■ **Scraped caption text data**

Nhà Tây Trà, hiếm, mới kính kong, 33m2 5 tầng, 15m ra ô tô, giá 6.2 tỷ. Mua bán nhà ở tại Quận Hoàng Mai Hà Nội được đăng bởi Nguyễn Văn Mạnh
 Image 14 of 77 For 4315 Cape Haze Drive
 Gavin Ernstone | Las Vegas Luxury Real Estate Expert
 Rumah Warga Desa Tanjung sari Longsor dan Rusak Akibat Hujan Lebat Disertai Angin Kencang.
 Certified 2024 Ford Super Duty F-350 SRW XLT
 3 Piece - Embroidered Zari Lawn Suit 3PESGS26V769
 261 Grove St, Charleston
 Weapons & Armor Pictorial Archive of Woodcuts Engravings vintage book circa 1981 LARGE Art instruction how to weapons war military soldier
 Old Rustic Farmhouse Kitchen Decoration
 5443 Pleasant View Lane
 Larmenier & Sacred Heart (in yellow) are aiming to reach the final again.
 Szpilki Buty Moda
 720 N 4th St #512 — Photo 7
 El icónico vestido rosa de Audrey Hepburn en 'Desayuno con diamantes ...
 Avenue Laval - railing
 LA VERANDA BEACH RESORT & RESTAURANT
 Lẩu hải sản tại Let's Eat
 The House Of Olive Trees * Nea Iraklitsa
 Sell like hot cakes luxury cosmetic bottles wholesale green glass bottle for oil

■ **What you are asked to do**
Only an exact copy of the data above will do.

■ **Exercise output**
Nhà Tây Trà, hiếm, mới kính kong, 33m2 5 tầng, 15m ra ô tô, giá 6.2 tỷ. Mua bán nhà ở tại Quận Hoàng Mai Hà Nội được đăng bởi Nguyễn Văn Mạnh
 Image 14 of 77 For 4315 Cape Haze Drive
 Gavin Ernstone | Las Vegas Luxury Real Estate Expert
 Rumah Warga Desa Tanjung sari Longsor dan Rusak Akibat Hujan Lebat Disertai Angin Kencang.
 Certified 2024 Ford Super Duty F-350 SRW XLT
 3 Piece - Embroidered Zari Lawn Suit 3PESGS26V769
 261 Grove St, Charleston
 Weapons & Armor Pictorial Archive of Woodcuts Engravings vintage book circa 1981 LARGE Art instruction how to weapons war military soldier
 Old Rustic Farmhouse Kitchen Decoration
 5443 Pleasant View Lane
 Larmenier & Sacred Heart (in yellow) are aiming to reach the final again.
 Szpilki Buty Moda
 720 N 4th St #512 — Photo 7
 El icónico vestido rosa de Audrey Hepburn en 'Desayuno con diamantes ...
 Avenue Laval - railing
 LA VERANDA BEACH RESORT & RESTAURANT
 Lẩu hải sản tại Let's Eat
 The House Of Olive Trees * Nea Iraklitsa
 Sell like hot cakes luxury cosmetic bottles wholesale green glass bottle for oil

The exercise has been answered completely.